Life&Culture

TV has more LGBTQ characters than ever, GLAAD reports

TV has more LGBTQ characters than ever, GLAAD reports

"While it is heartening to see progress being made in LGBTQ representation on television, it's important to remember that numbers are only part of the story, and we must continue the push for more diverse and intricate portrayals of the LGBTQ community", GLADD President and CEO Sarah Kate Ellis said. That amount comprises 92 regular characters, up from 84 last year, and 50 recurring, down 8 from last year. These increases appear across broadcast networks like ABC, leading others at 7.3 percent of regular characters, and streaming services like Netflix, Hulu, and Amazon.

Also, the number of trans characters across all platforms has more than doubled since a year ago. Past year there were no trans characters counted on broadcast. The report said more than 25 lesbian and bisexual female-identifying characters have died on scripted TV and streaming series since the beginning of 2016 - a lot of them violently - a move it said "sends a risky message to audiences that LGBTQ people are secondary and disposable".

GLAAD reports that lesbian representation "decreased dramatically" from 33 percent last year to 17 percent this year. And though the number of black series regulars has hit a new high at 20 percent, only 38 percent of those characters are women.
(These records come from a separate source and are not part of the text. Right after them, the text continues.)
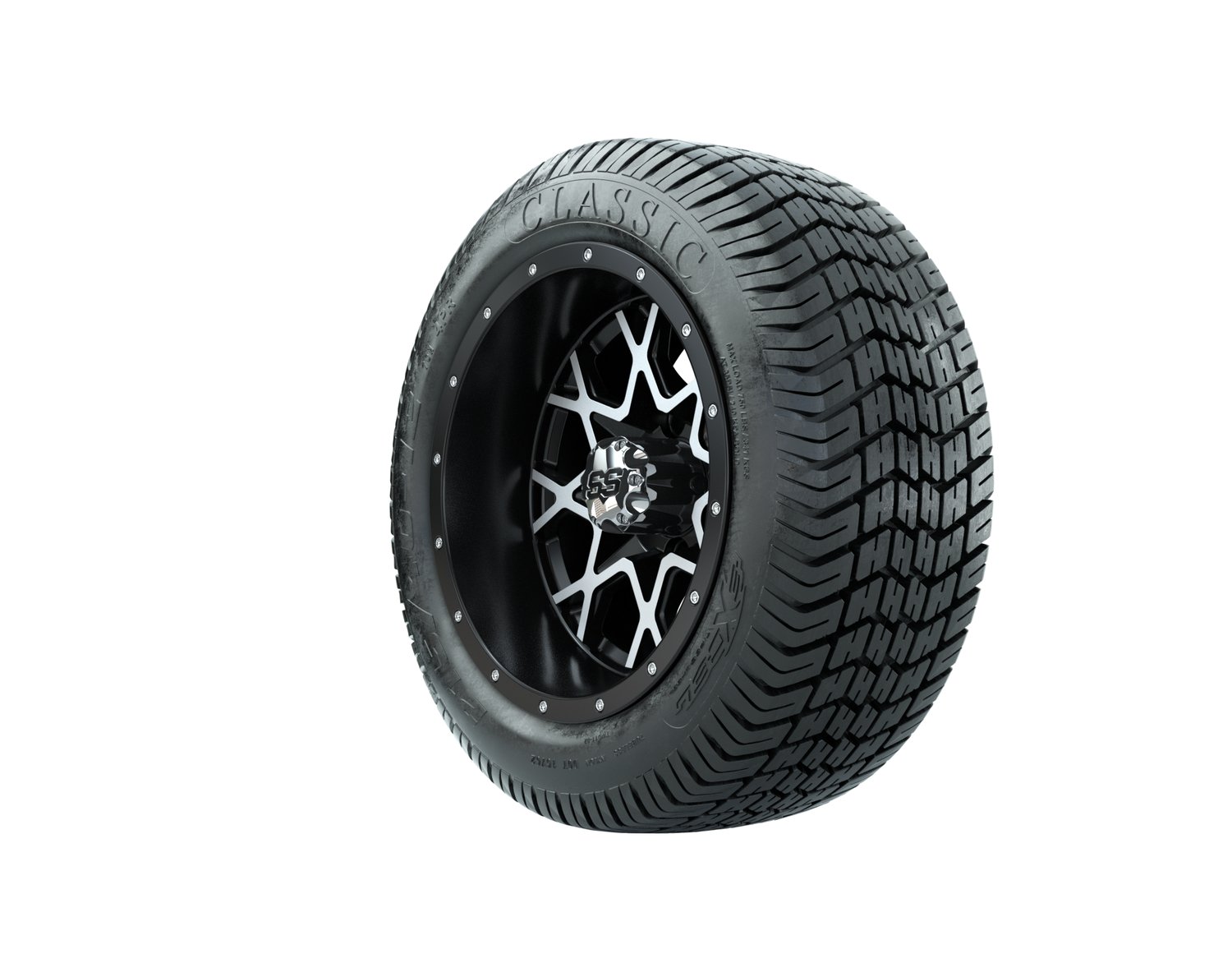 A19-568 VORTEX 2 WHEEL, 12X7 MATTE BLACK:MATTE MACHINED, TIRE, 215/40-12 4PR EXCEL CLASSIC, 12", Street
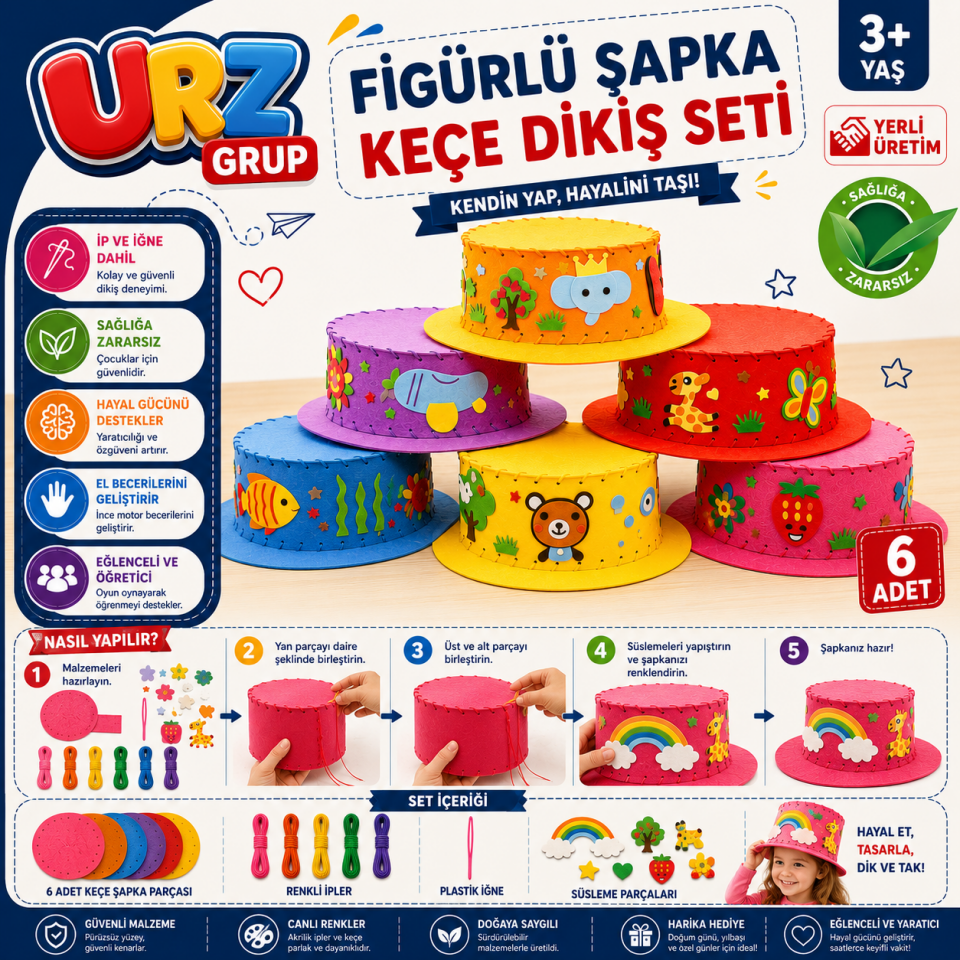 6'lı Figürlü Keçe Şapka Dikiş Seti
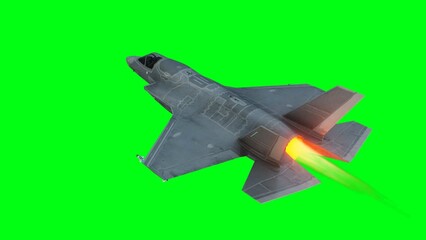 Military fighter jet F-35. green screen isolate. 3d rendering.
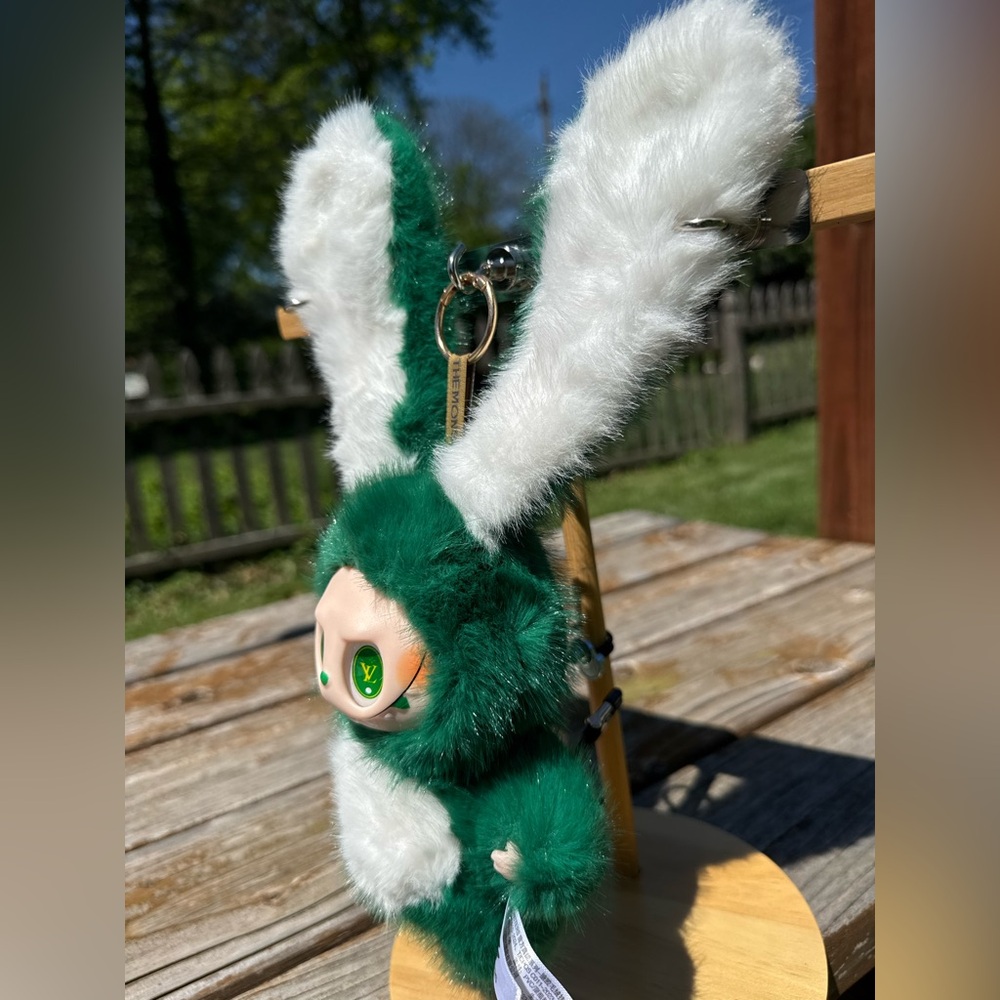 Green Labubu Plush Bunny Keychain Stuffed Animal Charm Not from Pop Mart-Gift - Picture 13 of 13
However, the "bury your gays" trope is still alive with over 25 gay and bisexual female characters being killed off on scripted series since the beginning of 2016. Fans were particularly outraged after CW's dystopian teen drama "The 100" killed off a beloved character in March. Out of 16 transgender characters, three are on broadcast networks, none of which had shows with transgender characters a year ago.

Female student killed, another injured in stabbing at Abbotsford high school
We do not believe the suspect has ties to this school, or to the two girls, or specifically to the Abbotsford area. Ann's Parish toward the school carrying a bouquet of flowers. "It ruptures our sense of security".


"Most of these deaths served no other goal than to further the narrative of a more central (and often straight, cisgender) character", Ellis noted. However, the representation skews largely female, with 16 women and only five men. TV has only succeeded when LGBTQ characters are series regulars, and, even better, the leads of their shows. GLAAD notes that the dramedy, which stars Jeffrey Tambor as a 70-year-old transgender woman, features two other transgender characters (both played by transgender actors) and three other characters identified as LGBT.

-Of 895 series regular characters on 118 primetime scripted shows, 43 characters are LGBTQ. While Latinos accounted for eight percent of series regulars (up from seven percent last year), GLAAD points out that figure is still well below the 17 percent estimate recorded in the 2014 U.S. Census.

According to Ellis, there is much more work to do to "ensure fair, accurate, and inclusive stories".